Siri, Alexa, and the Google Assistant all use spliced up human voices to tell you the weather or wake you up in the morning. It’s standard text-to-speech technology, where voice actors record thousands of sentences and then a computer chops up the recordings into pieces that can then be algorithmically rearranged.

But these voices sound like the robots that they are. For IBM’s latest AI project, in which the company created an AI that would be able to hold lengthy debates on a wide variety of topics with a real person, the company needed a voice that would be persuasive and dynamic–one that would sound more human.

But how do you create an AI voice that’s layered with real emotion?

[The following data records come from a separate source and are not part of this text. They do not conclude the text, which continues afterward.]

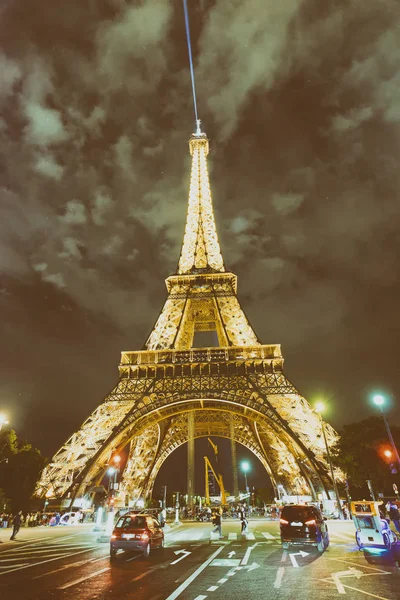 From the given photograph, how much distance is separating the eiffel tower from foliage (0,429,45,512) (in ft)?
48.5

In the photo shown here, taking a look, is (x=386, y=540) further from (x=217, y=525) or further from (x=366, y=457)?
(x=366, y=457)

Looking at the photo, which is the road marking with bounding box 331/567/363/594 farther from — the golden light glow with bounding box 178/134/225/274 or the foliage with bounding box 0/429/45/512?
the foliage with bounding box 0/429/45/512

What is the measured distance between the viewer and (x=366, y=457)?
3816 centimetres

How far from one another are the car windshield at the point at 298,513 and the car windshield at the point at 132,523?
547cm

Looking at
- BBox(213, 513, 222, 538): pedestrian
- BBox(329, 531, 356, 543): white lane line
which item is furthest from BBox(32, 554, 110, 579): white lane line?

That was the challenge for Andy Aaron, a researcher at IBM who led the search for the perfect voice for Project Debater, as it’s called. Aaron isn’t a computer scientist or an engineer; he’s a sound designer who previously worked on dozens of Hollywood films and television shows before a friend convinced him to try out creating text-to-speech voices for IBM. Aaron was hooked immediately and has worked at IBM for two decades on all kinds of projects, including creating the voice for Watson.

But unlike Watson’s voice, the voice Aaron envisioned for Debater was in a different category altogether. Unlike his typical text-to-speech projects, which require a voice actor to read a few thousand sentences before handing the work off to an algorithm, Debater’s voice needed to be far more complex. To understand which components were necessary, Aaron and his team watched dozens of real, human debates and analyzed a variety of tones people use to make their arguments: an anecdotal voice, rebuttal voice, a voice you’d use when addressing the audience directly, and more. Then, he set out to find the person who had enough control over her voice that she could speak incredibly consistently while also talking in these different cadences.

“This is the hardest narration job anybody will ever have,” Aaron says. “It’s really difficult material to read and it’s endless.”

To find his voice, Aaron met with about 20 people, split evenly between men and women, and had them read an incredibly difficult script that included tongue twisters and foreign names cold without looking at it beforehand. Then, the five most promising actors each recorded 1,000 lines and Aaron created makeshift computer voices from these sentences. Once he had the rudimentary versions of the actors’ computer voices, he programmed each of these voices to say another 10 sentences. Whichever actor-synthesized computer voice sounded the best got the job.